** Opening INPUT DATA block **
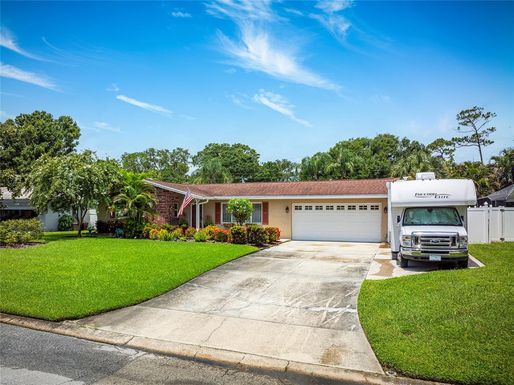 1132 GERSHWIN DRIVE
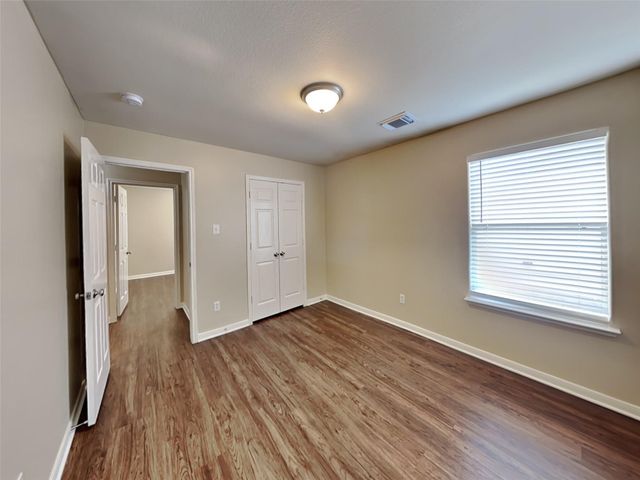 28926 Village Creek Loop, Spring, TX 77386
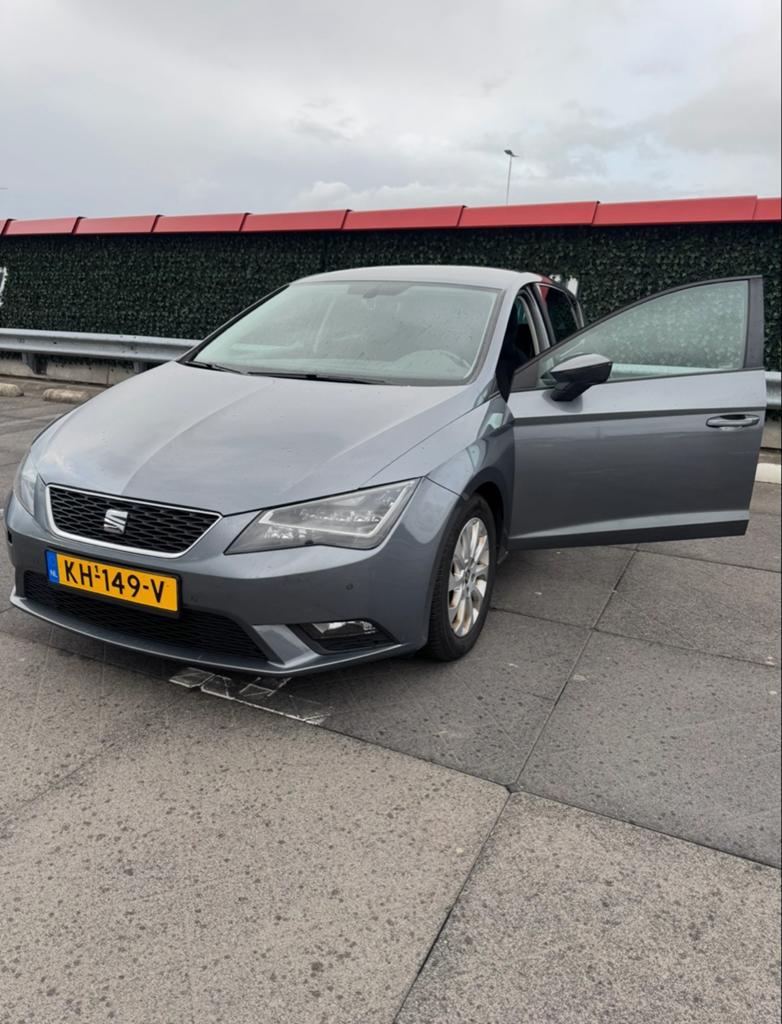 Seat Leon 1.0 TSI 115PK 2016 Grijs, Voorwielaandrijving, Stof, Zwart, Leon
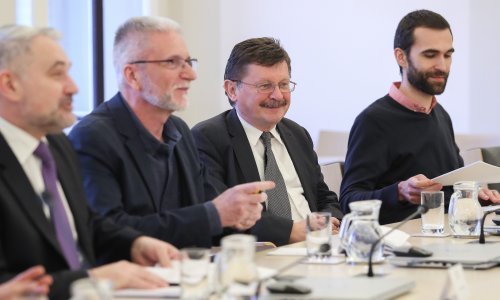 Potpuno suprotne poruke u vezi rezova u javnom sektoru -sindikalci se oštro suprotstavljaju, poslodavci smatraju da su nužnost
** Closing INPUT DATA block **
» TRY IT: Copy the listing exactly. No images belong in the copy.

» EXPECTED ANSWER:
 1132 GERSHWIN DRIVE
 28926 Village Creek Loop, Spring, TX 77386
 Seat Leon 1.0 TSI 115PK 2016 Grijs, Voorwielaandrijving, Stof, Zwart, Leon
 Potpuno suprotne poruke u vezi rezova u javnom sektoru -sindikalci se oštro suprotstavljaju, poslodavci smatraju da su nužnost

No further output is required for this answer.